**What the task requires:** Your answer should be an exact copy of the lines from the start of the entries to the line containing "En to meter", both included.

[[ Records for this task, beginning ]]

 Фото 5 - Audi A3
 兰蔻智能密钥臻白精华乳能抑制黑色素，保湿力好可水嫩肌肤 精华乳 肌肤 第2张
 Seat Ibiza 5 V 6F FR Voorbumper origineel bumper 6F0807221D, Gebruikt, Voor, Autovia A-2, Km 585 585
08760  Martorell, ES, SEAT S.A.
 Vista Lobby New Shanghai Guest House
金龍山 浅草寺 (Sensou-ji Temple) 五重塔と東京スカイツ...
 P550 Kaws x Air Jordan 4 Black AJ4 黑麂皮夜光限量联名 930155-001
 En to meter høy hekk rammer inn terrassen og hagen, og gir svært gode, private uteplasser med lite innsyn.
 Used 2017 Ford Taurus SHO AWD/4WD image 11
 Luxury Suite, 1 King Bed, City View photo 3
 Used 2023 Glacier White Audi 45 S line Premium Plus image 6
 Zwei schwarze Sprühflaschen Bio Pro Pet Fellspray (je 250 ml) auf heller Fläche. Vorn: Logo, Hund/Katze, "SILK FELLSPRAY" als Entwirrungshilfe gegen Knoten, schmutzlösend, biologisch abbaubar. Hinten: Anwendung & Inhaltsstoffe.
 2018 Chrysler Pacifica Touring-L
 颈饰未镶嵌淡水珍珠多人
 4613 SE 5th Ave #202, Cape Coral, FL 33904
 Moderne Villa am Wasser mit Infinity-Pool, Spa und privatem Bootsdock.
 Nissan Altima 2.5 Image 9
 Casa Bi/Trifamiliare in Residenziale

[[ Records for this task, end ]]

**Exercise output:**
 Фото 5 - Audi A3
 兰蔻智能密钥臻白精华乳能抑制黑色素，保湿力好可水嫩肌肤 精华乳 肌肤 第2张
 Seat Ibiza 5 V 6F FR Voorbumper origineel bumper 6F0807221D, Gebruikt, Voor, Autovia A-2, Km 585 585
08760  Martorell, ES, SEAT S.A.
 Vista Lobby New Shanghai Guest House
金龍山 浅草寺 (Sensou-ji Temple) 五重塔と東京スカイツ...
 P550 Kaws x Air Jordan 4 Black AJ4 黑麂皮夜光限量联名 930155-001
 En to meter høy hekk rammer inn terrassen og hagen, og gir svært gode, private uteplasser med lite innsyn.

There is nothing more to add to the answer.